(Stored data entries)
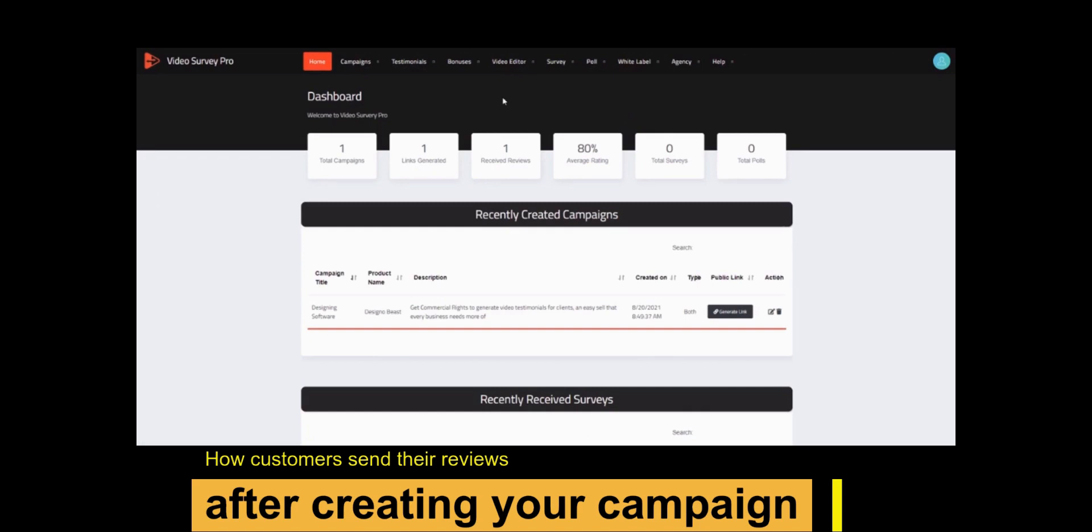In the next video we will talk more about Video Survey Pro. See you in the next video.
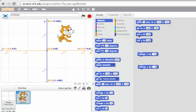Remember that set always ignores the current value and sets it to a specific value, and change will either add or subtract from the current value. Doing this stuff in Scratch should be helpful for you in later math classes too.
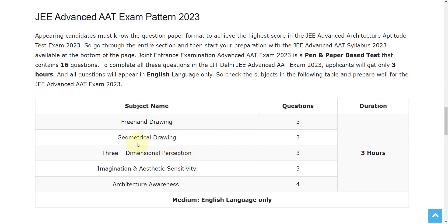Let's see the exam pattern. In this exam, you will have subjects like Freehand Drawing, Geometrical Drawing, 3-Dimensional Perception, Imagination and Aesthetic Sensitivity, and Architecture Awareness. For Freehand Drawing, you will have 3 questions; 3 questions from Geometrical Drawing; 3 questions from 3-Dimensional Perception; 3 questions from Imagination and Aesthetic Sensitivity; and 4 questions from Architecture Awareness.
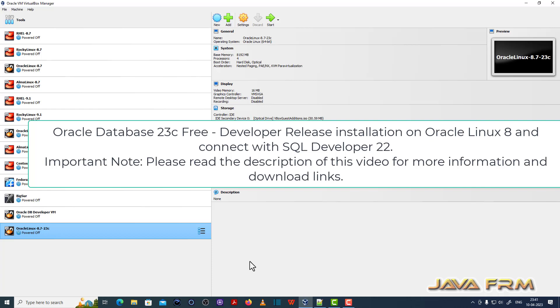Welcome to JavaFarm. I am going to show you how to install Oracle Database 23c free developer release on Oracle Linux 8 operating system.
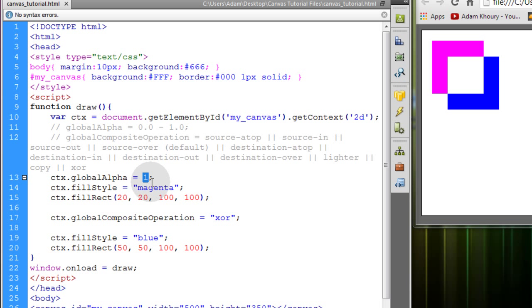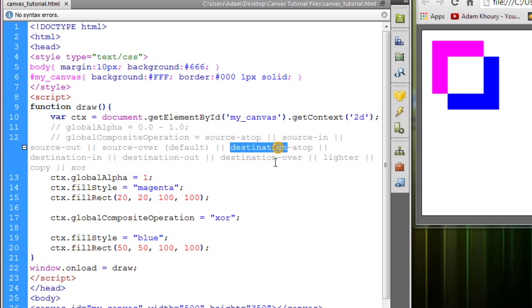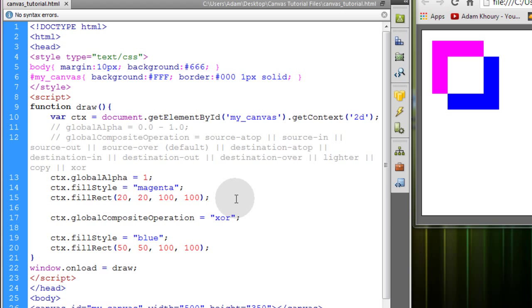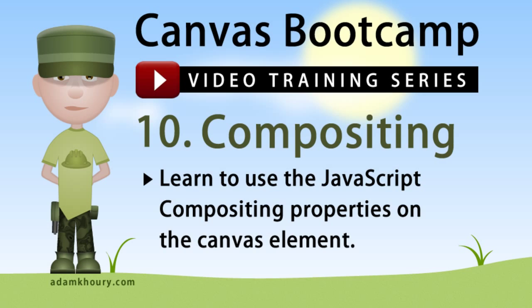And then you can just play with your global transparency either by putting it at the top or putting it in between your assets like we did for the global composite operation. So if you manipulate the global alpha while you're going through all of these different settings, these values that you can use, you'll see different kinds of effects because the two assets that are interacting with each other would be opaque. And that completes compositing on the canvas element.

- **Task to complete**
The line with "Remember that set" ends the range, and the first line of the data begins it; repeat exactly those lines and nothing more, omitting pictures.

- **Exercise result**
In the next video we will talk more about Video Survey Pro. See you in the next video.
Remember that set always ignores the current value and sets it to a specific value, and change will either add or subtract from the current value. Doing this stuff in Scratch should be helpful for you in later math classes too.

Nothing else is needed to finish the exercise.